===== RECORDS PROVIDED

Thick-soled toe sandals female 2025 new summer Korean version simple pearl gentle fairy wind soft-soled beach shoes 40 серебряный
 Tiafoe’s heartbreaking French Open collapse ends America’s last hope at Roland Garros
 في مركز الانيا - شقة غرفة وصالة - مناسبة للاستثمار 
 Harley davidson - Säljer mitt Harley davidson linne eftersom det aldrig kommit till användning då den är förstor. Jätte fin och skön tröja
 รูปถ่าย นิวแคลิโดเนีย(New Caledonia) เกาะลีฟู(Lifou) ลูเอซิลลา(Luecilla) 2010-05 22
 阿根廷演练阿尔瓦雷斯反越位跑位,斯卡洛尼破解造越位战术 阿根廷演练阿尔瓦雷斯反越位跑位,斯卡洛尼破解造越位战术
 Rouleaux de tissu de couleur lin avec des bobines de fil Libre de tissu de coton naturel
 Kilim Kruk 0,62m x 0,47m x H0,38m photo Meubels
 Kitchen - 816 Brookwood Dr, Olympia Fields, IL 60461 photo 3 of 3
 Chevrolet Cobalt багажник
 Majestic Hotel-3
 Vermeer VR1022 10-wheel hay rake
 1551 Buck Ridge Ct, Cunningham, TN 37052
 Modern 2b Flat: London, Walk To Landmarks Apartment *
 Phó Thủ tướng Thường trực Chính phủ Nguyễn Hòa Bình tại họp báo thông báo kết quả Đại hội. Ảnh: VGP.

==========

**PROBLEM TO SOLVE:**
The records above must be set down again exactly as written.

**YOUR SOLUTION:**
Thick-soled toe sandals female 2025 new summer Korean version simple pearl gentle fairy wind soft-soled beach shoes 40 серебряный
 Tiafoe’s heartbreaking French Open collapse ends America’s last hope at Roland Garros
 في مركز الانيا - شقة غرفة وصالة - مناسبة للاستثمار 
 Harley davidson - Säljer mitt Harley davidson linne eftersom det aldrig kommit till användning då den är förstor. Jätte fin och skön tröja
 รูปถ่าย นิวแคลิโดเนีย(New Caledonia) เกาะลีฟู(Lifou) ลูเอซิลลา(Luecilla) 2010-05 22
 阿根廷演练阿尔瓦雷斯反越位跑位,斯卡洛尼破解造越位战术 阿根廷演练阿尔瓦雷斯反越位跑位,斯卡洛尼破解造越位战术
 Rouleaux de tissu de couleur lin avec des bobines de fil Libre de tissu de coton naturel
 Kilim Kruk 0,62m x 0,47m x H0,38m photo Meubels
 Kitchen - 816 Brookwood Dr, Olympia Fields, IL 60461 photo 3 of 3
 Chevrolet Cobalt багажник
 Majestic Hotel-3
 Vermeer VR1022 10-wheel hay rake
 1551 Buck Ridge Ct, Cunningham, TN 37052
 Modern 2b Flat: London, Walk To Landmarks Apartment *
 Phó Thủ tướng Thường trực Chính phủ Nguyễn Hòa Bình tại họp báo thông báo kết quả Đại hội. Ảnh: VGP.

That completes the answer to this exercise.